Przekrój: Jacek Głomb doskonale („na piątkę”) uteatralizował prozę Pilcha
- Szczegóły
Próbowało wielu, ale nigdy z tak dobrym skutkiem. Głomb z Urbańskim uteatralizowali Pilcha być może lepiej niż on sam siebie w „Nartach Ojca Świętego”. Z parowątkowej powieści „Tysiąc spokojnych miast” wyjęli jeden temat – rojenia o zamachu na Władysława Gomułkę metodą odstrzelenia go z kuszy podczas państwowego święta. Pozwolili domorosłym terrorystom snuć plany zakrojone na miarę „Dnia Szakala” z ideowym uzasadnieniem a la Dostojewski, heroikomicznie zamykając „akcję” w czterech ścianach izby z dobrze zaopatrzonym barkiem.
Nie po to wszak, by drwić z peerelowskich kuszników. Wartka opowieść inkrustowana skutecznymi gagami (ach, wilcze spojrzenie pana Trąby – głównego zamachowca – w kierunku baru po każdej brawurowej tyradzie!) służyła sportretowaniu takiej przestrzeni, gdzie nikczemności świata Gomułków i im podobnych upierdliwców miały wstęp, jednocześnie go nie mając. Były wszak realne, ale nie miały realnego wpływu na najważniejsze: styl życia, swobodę myśli, kulturowe odruchy.

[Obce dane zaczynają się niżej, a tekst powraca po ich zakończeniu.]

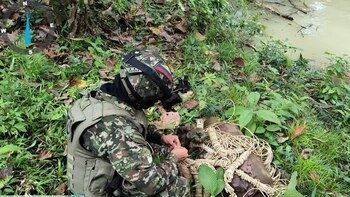 Ejército frustró atentado en Valdivia,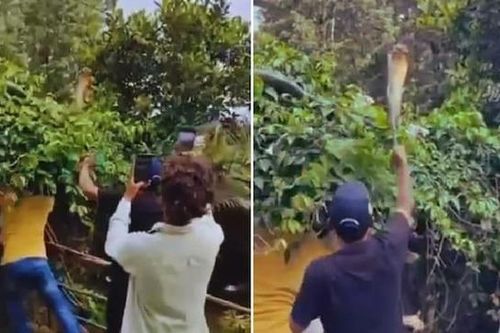 Bắt sống rắn hổ mang chúa khổng lồ ẩn nấp trên ngọn cây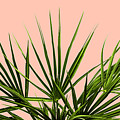 Palm Life - Pastel Photograph by Jennifer Walsh Palm Life - Pastel Photograph by Jennifer Walsh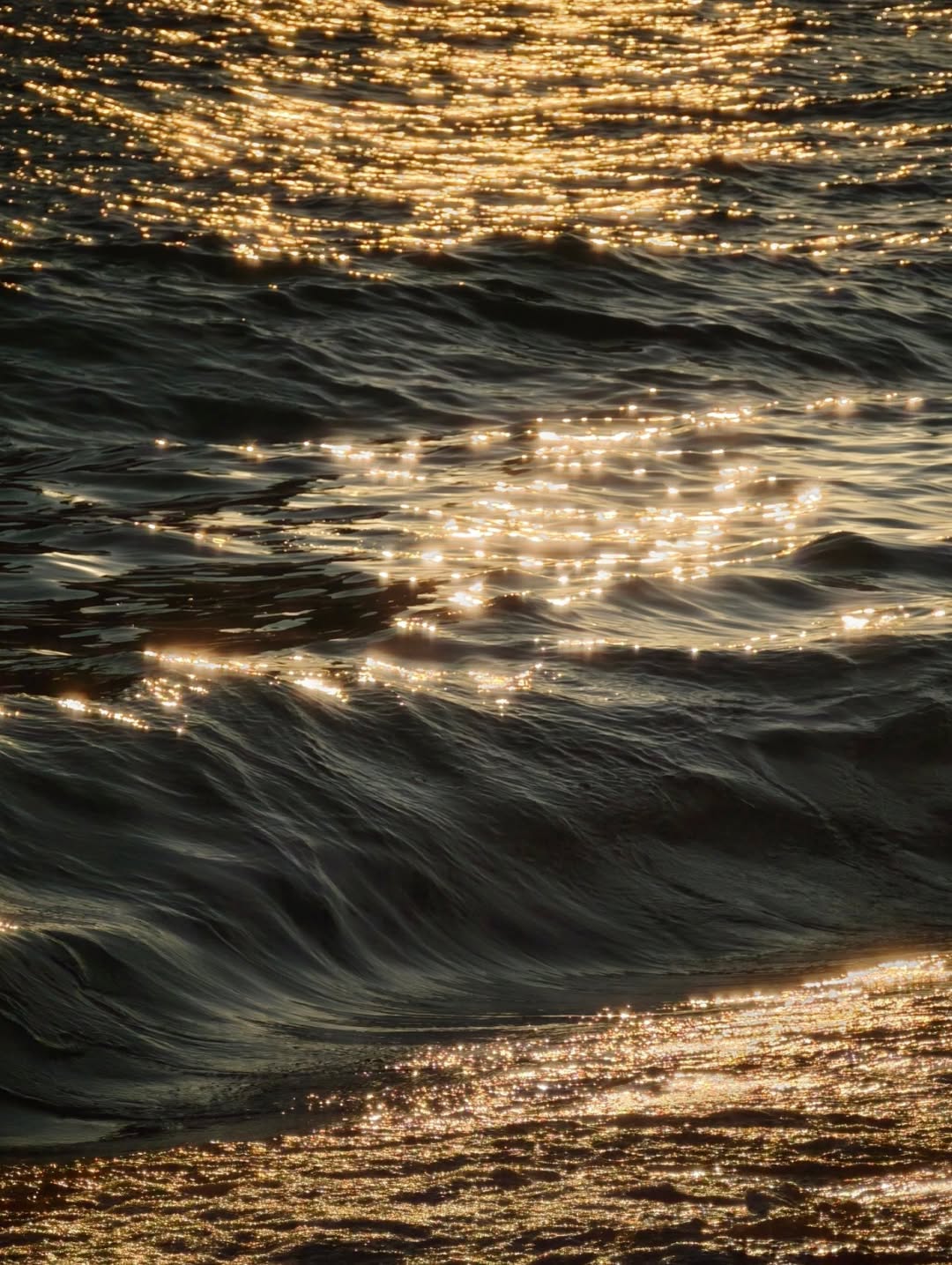 เต - ตะวัน วิหครัตน์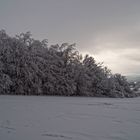 Winterlandschaft in Annaberg-Buchholz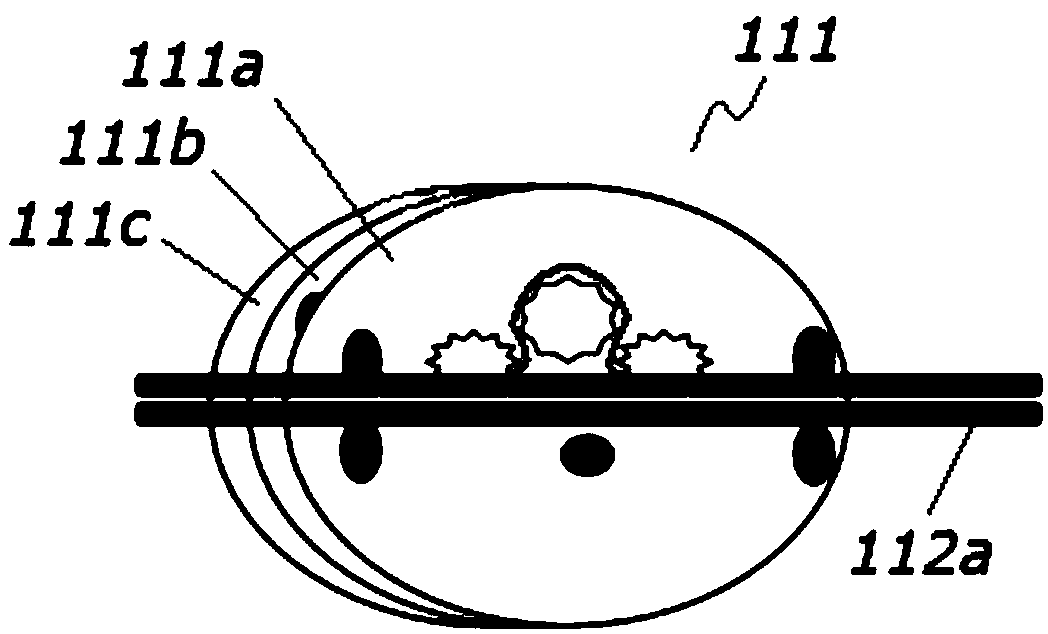 Variable topology spoke walking biped robot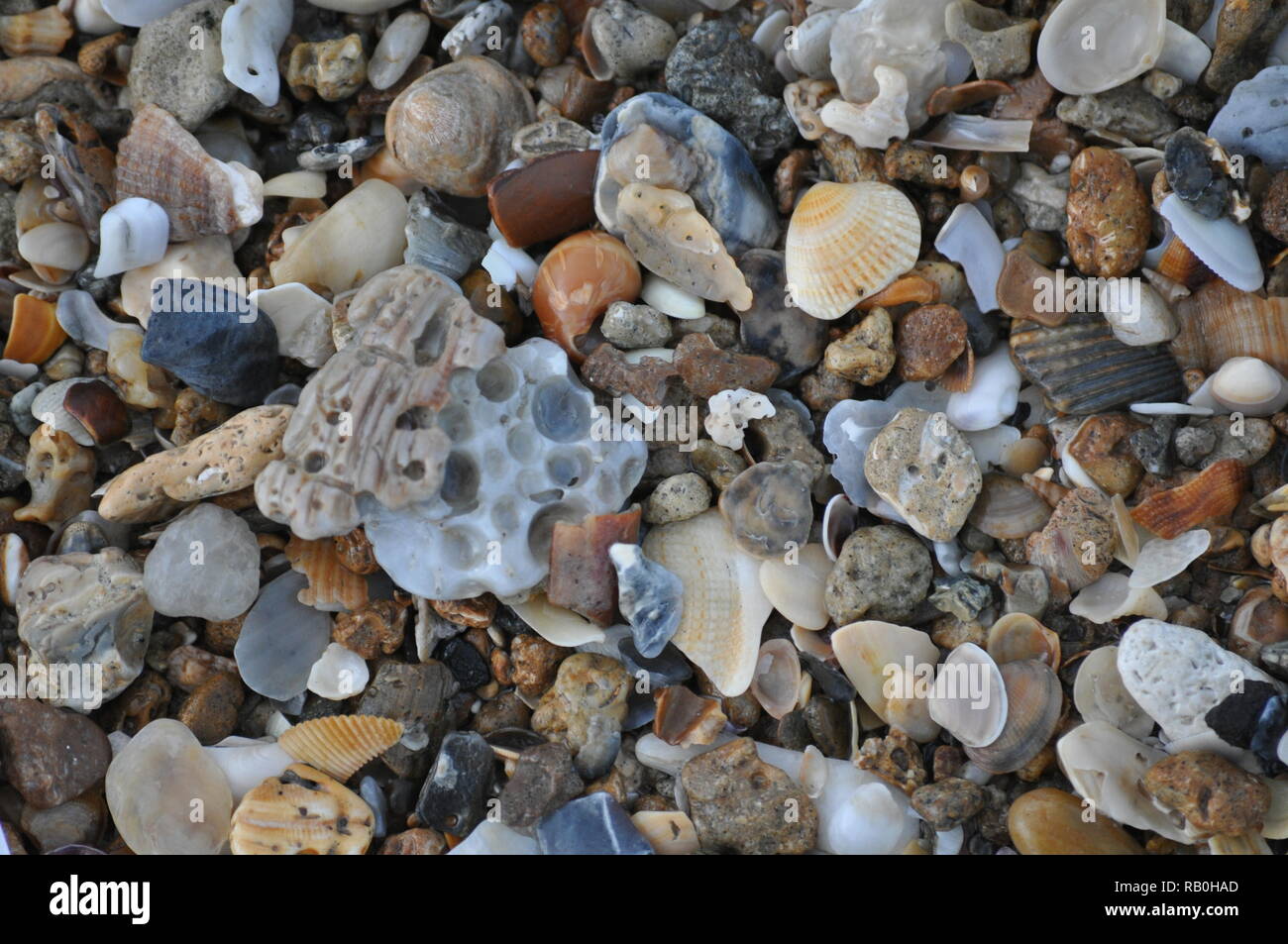 Bella Estate Macro conchiglie sulla spiaggia vicino al tramonto Topsail Beach North Carolina Foto Stock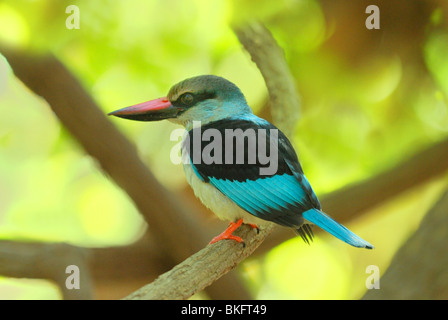 Blue-breasted Kingfisher (Halcyon malimbica) dans le parc forestier de Bijilo, Gambie, Afrique de l'ouest. Avril 2009. Banque D'Images
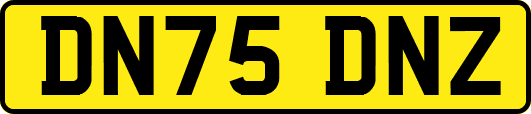 DN75DNZ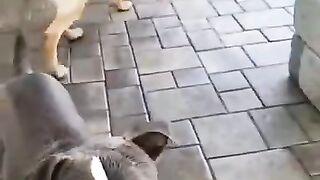Funny dog  cute dog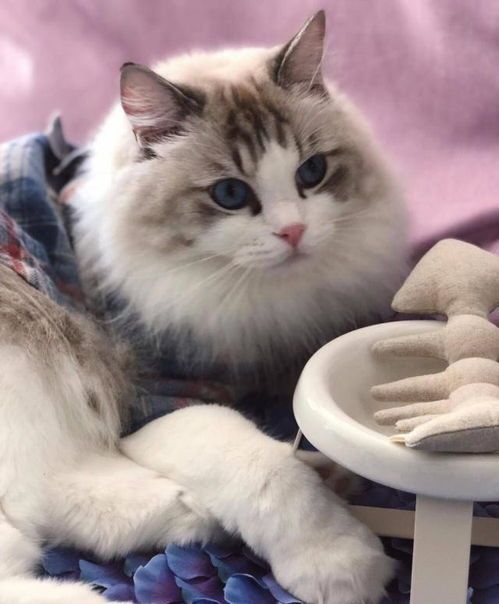 新手养猫必看：如何呵护新生小猫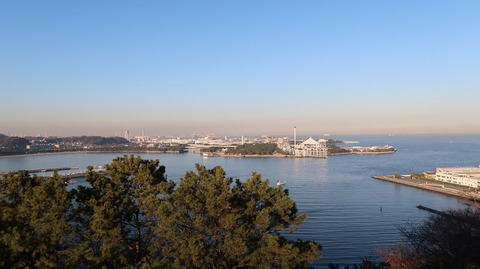 20210206163809_IMG_0257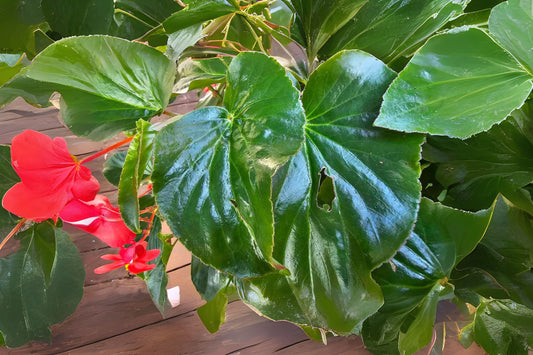 Wax Begonia Plant 10in Pot - Pink Blooms & Glossy Foliage - Begonia cucullata - Ideal for Indoor & Outdoor Gardens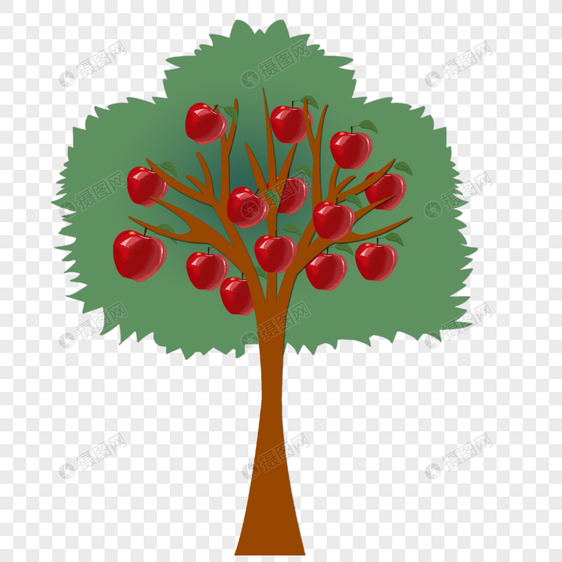 苹果树植物装饰图片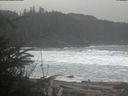 ./images/calvert/beach/20200221/beach20200221_115502.jpg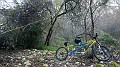DSCN6849
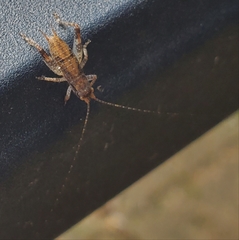 Hapithus saltator
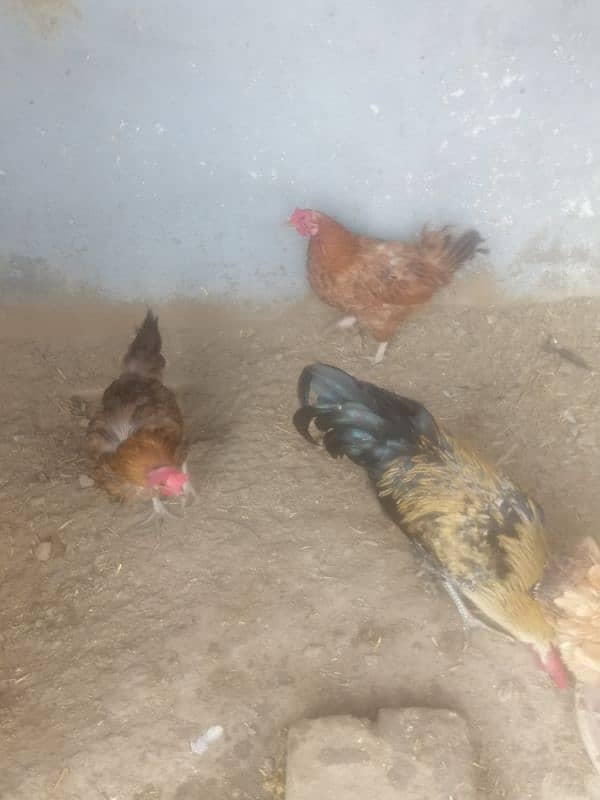 golden misri egg laying hens 4 female 1 male 1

Jacek Głomb z Małgorzatą Bulandą umieścili akcję w starych magazynach na uboczu, kreując ciepłą, mądrą i śmieszną enklawę wolności od paskudztwa. Z milczącą matką (Tatiana Kołodziejska), strażniczką domowego ogniska, i galerią zwariowanych gości na czele, z komendantem Jeremiaszem (Janusz Młyński) ekwilibrystycznie splatając luterską bogobojność z milicyjną frazeologią. Z perorami pana Trąby (wspaniały chaplinowaty Zbigniew Waleryś) wysłuchiwany przez ojca (Wojciech Czarnota) w solennej powadze mąconej jedynie iskierkami rozbawienia w oczach obu panów. Enklawę fantazyjną, daleką od banalnych sentymentów, dynamizowaną brawurą i żartem. I mocno kuszącą – jako azyl – gdy kusza sama ciśnie się do ręki.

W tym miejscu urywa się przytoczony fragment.